Thales Coutinho, acadêmico do 4º ano do curso de Psicologia e responsável pelo website de divulgação científica: http://www.psye.com.br

REFERÊNCIAS:

  1. BARON-COHEN, Simon. Diferença Essencial. Editora Objetiva: Rio de Janeiro, 2004.
  2. BURNHAM, Terry; PHELAN, Jay; A Culpa é da Genética – do sexo ao dinheiro, das drogas à comida: dominando nossos instintos primitivos. Tradução de Vera Maria Whately. Rio de Janeiro: Sextante, 2002.
  3. BUSS, David. A Paixão Perigosa. Editora Objetiva: Rio de Janeiro, 2000.
  4. FISHER, Helen E. Anatomia do amor: a história natural da monogamia, do adultério e do divórcio. Rio de Janeiro: Eureka, 1995.
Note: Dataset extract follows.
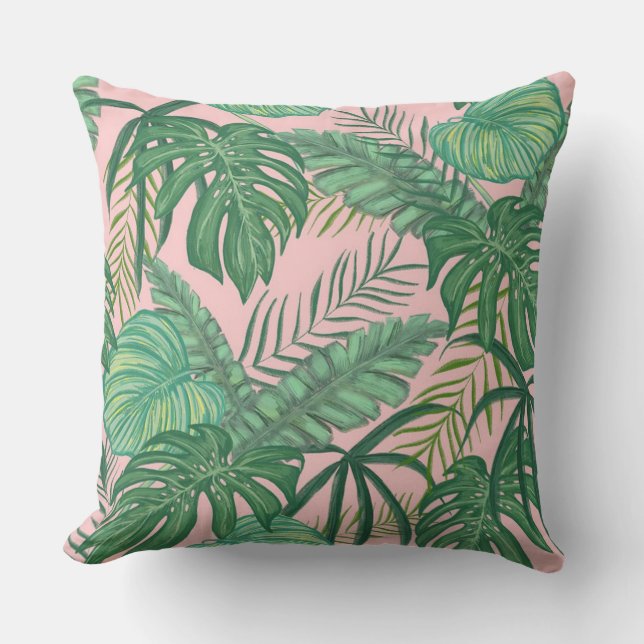 Coussin Feuilles Tropicales (Recto)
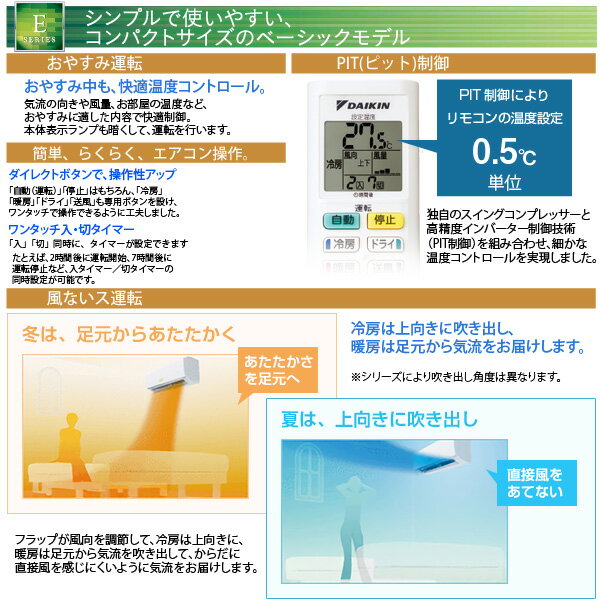 楽天市場】ダイキン工業 DAIKIN ルームエアコン Eシリーズ E F22VTES-W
  5. FISHER, Helen. Por que amamos. Editora Record: São Paulo, 2006.
  6. KANAZAWA, Satoshi. MILLER, Alan. Por que os homens jogam & mulheres compram sapatos. Editora Prestígio: Rio de Janeiro, 2007.
  7. VINCENT, Lucy. Por que nos Apaixonamos. Editora Ediouro: Rio de Janeiro, 2005.
  8. WINSTON, Robert. Instinto Humano. Editora Globo: São Paulo, 2006.